#### ASSIGNMENT
In the listing below, find the line with "Una cocina moderna" and the line with "A romantic proposal", then return them and every line between them exactly, minus the pictures.
*** TASK INPUT ***
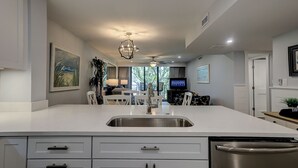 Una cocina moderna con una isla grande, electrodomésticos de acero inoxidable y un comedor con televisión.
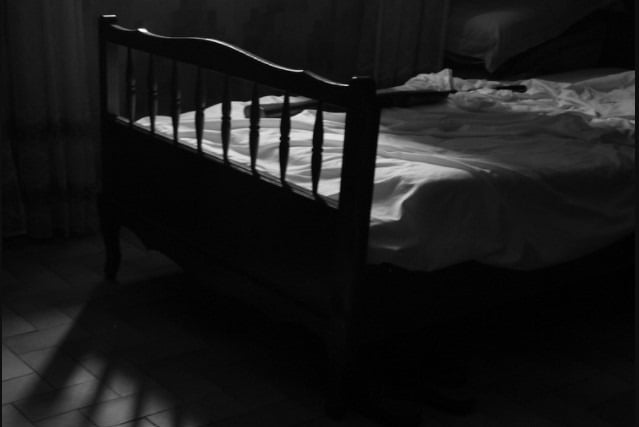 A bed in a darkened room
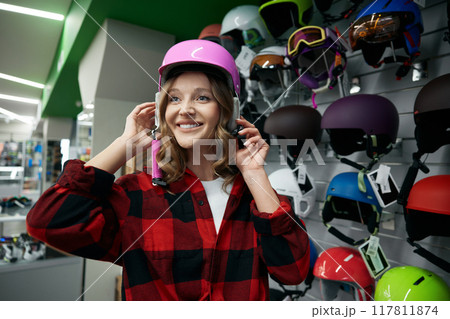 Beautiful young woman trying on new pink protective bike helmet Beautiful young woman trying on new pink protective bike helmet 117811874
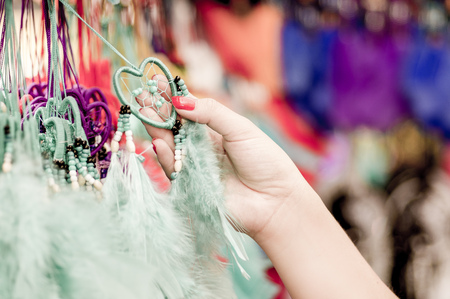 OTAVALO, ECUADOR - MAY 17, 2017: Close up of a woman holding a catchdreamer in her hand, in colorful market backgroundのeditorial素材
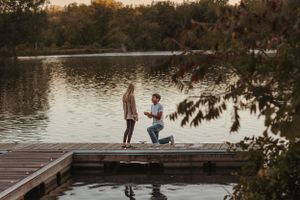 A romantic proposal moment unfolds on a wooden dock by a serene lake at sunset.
*** End of TASK INPUT ***
*** TASK INPUT ***
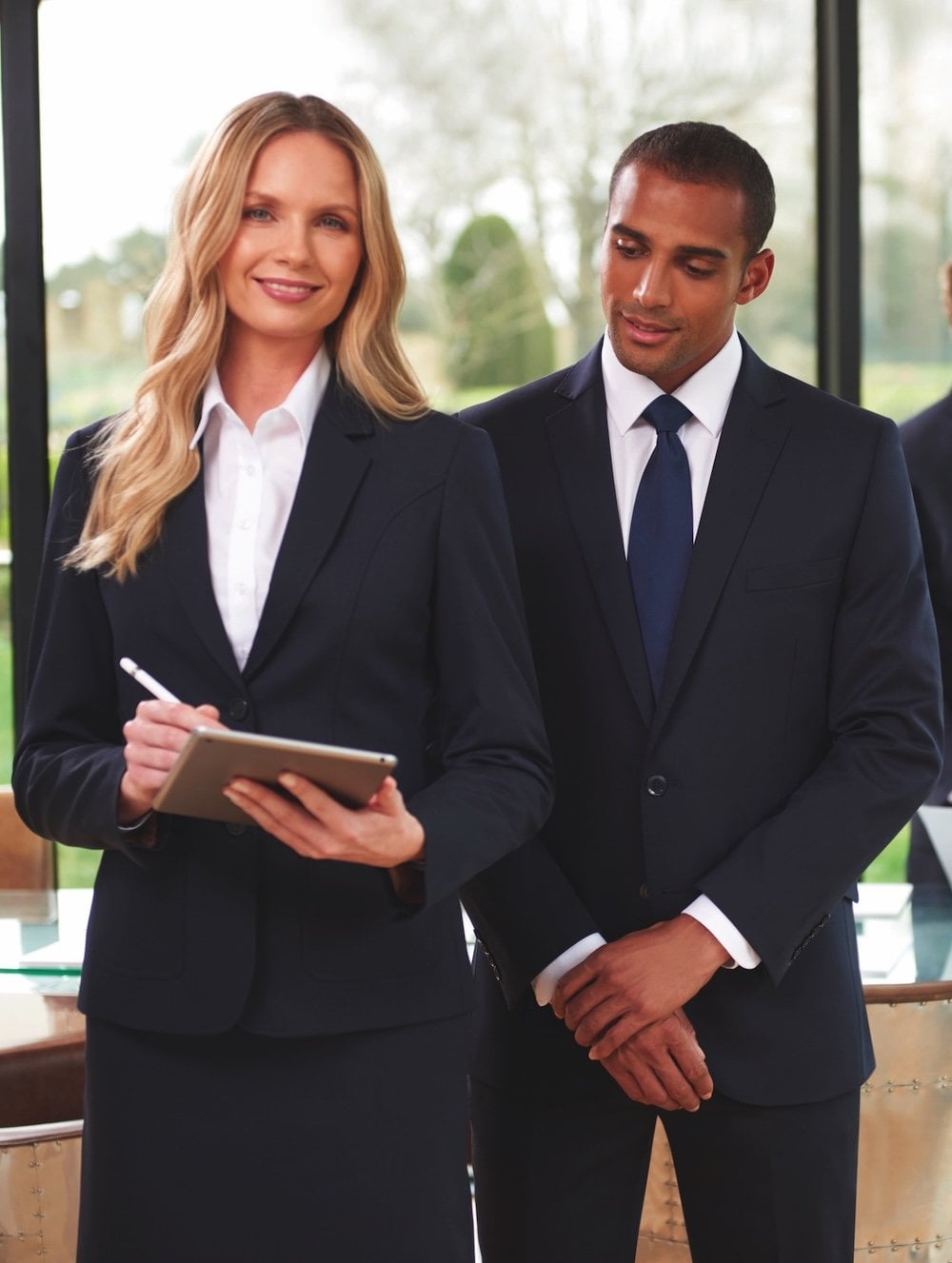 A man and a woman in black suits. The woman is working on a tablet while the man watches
*** End of TASK INPUT ***
#### ANSWER TO THE EXERCISE
 Una cocina moderna con una isla grande, electrodomésticos de acero inoxidable y un comedor con televisión.
 A bed in a darkened room
 Beautiful young woman trying on new pink protective bike helmet Beautiful young woman trying on new pink protective bike helmet 117811874
 OTAVALO, ECUADOR - MAY 17, 2017: Close up of a woman holding a catchdreamer in her hand, in colorful market backgroundのeditorial素材
 A romantic proposal moment unfolds on a wooden dock by a serene lake at sunset.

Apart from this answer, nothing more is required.